On bigger deals the numbers get staggering very fast! One of my partners and I bought 2 small MHP’s 2 months ago, I contracted the park negotiated the deal and did all the running. He put up 15k for the down payment and the owner carried $275k at 8% with no calls and full assignability. He has provided all the money to fix the properties and I’ve directed the operations and put a little elbow grease in to the pot. The property was just slightly over break even at purchase (about $50 in reality), by fixing a few management problems, replacing non-paying tenants, eliminating the drug dealer & the problem tenants, and making all safety repairs we’ve brought the net cahflow to about $2850 in 2 months. when the project is finished it will be up to a minimum of $4k /month net up to a potential of just under 6k if we get carried away. Once the outflow for repairs is under control we will split the cash flow 50/50 and the proceeds from the future sale the same, if we sell at the 24 month mark we’ll have realized roughly $100k in cash flow and a total profit of about $217k. That would put my partners yield at some where just shy of 200% and we’ll each walk with about 170k. If we decide to sell sooner the numbers might not be as high but we’ll still more than do ok!
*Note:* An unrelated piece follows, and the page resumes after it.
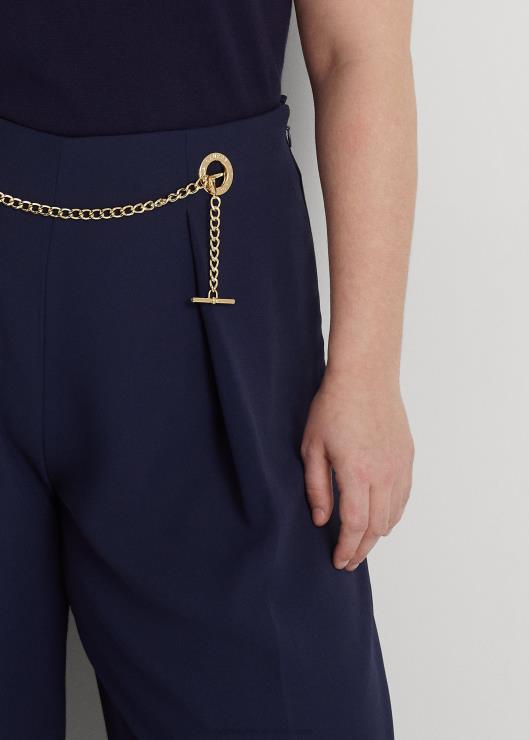 pantalones anchos de georgette plisado con cinturón mujer azul marino refinado Ralph Lauren 2XR2V4686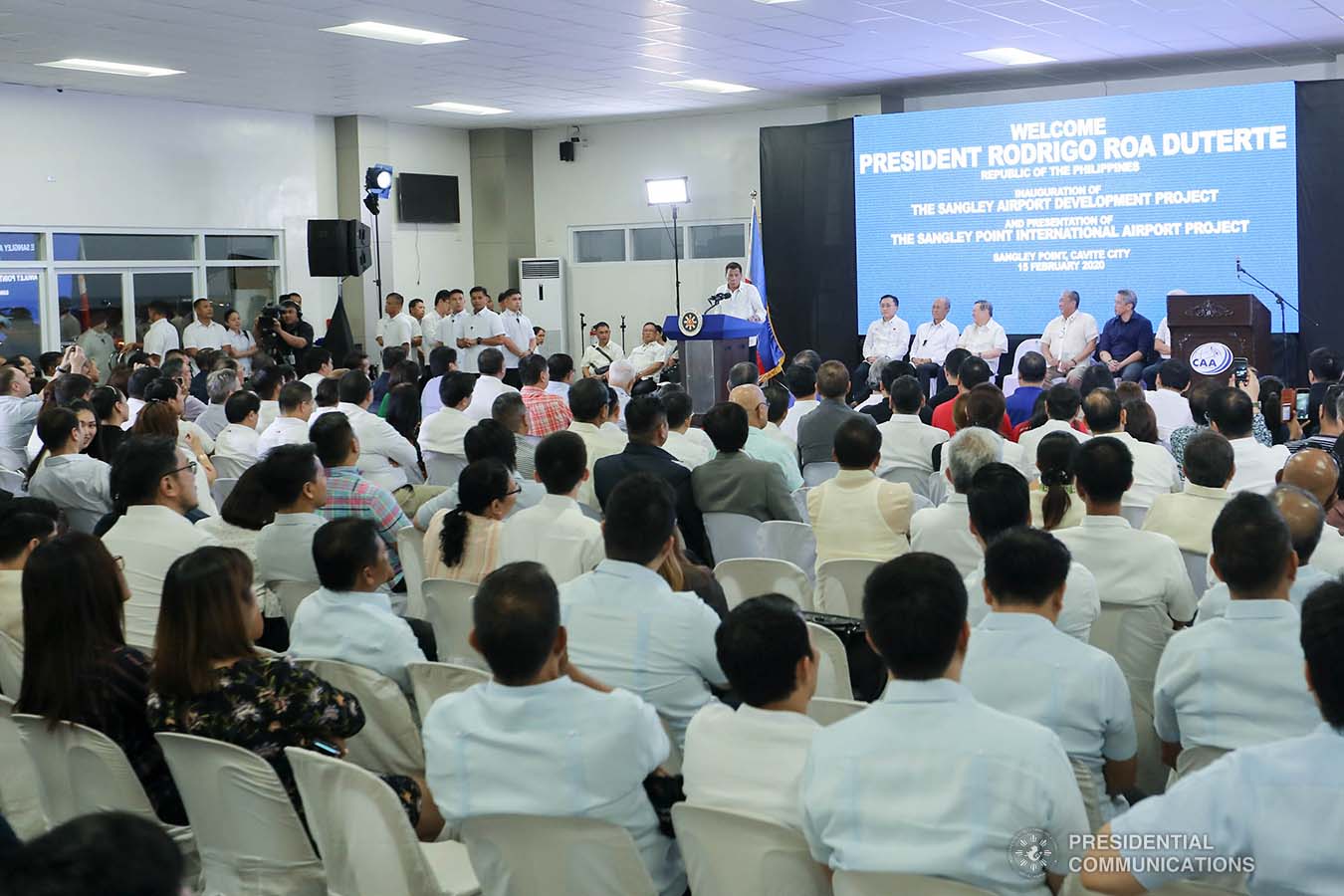 President Rodrigo Roa Duterte delivers a speech during the inauguration of the Sangley Airport Development Project in Cavite City on February 15, 2020. ALFRED FRIAS/PRESIDENTIAL PHOTO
The way I see it, is that a person with money and no time or knowledge is no better off than a solid investor with no cash. You put the two together and you create a deadly team that can quickly dominate a market and take full advantage of niches and opportunities as they are presented. My personal set point is that if I can’t give my partners a 25-30%+ return than I need an investor and must take 100% of the risk myself, if I’m not willing or able to do either than the deal is to skinny to be doing.

Best wishes,

Ryan Needler


#12

I really like the lesson from Steve Case and the analogy of the person with no time and the investor with no money.

I either have money or time…it is very rare I have both at the same time and I’m sure I’m not alone. I also partner most deals…it is my comfort zone.

Greg


#13

I’ve got the time, & some of the money, but I’ve also got a case of “burnout/complacency”. I would really like to expand what I’ve got, & put some of my cash to better use, but I’m not interested in taking on any more day to day management. I guess I need to work on my networking skills, because I’m having a hard time finding a solid investor with no cash. I’m hoping to make some new contacts at the Troy MOM.


#14

now…and they will all be at MOM.

I will introduce you to them there!

Greg


#15

Maybe I should have been a little more outgoing at BootCamp, but was doing good to absorb some of the info that was being passed around. We spoke several times, I’m the tall, skinny blonde guy that sat in front of you on the bus.

Tim


#16

I tend to notice “thin” people LOL…


#17

Ryan - In terms of paperwork and whatnot, how to do you structure your deals with partners? Is the partner’s investment a secured loan? Do you create a separate LLC? How does it work?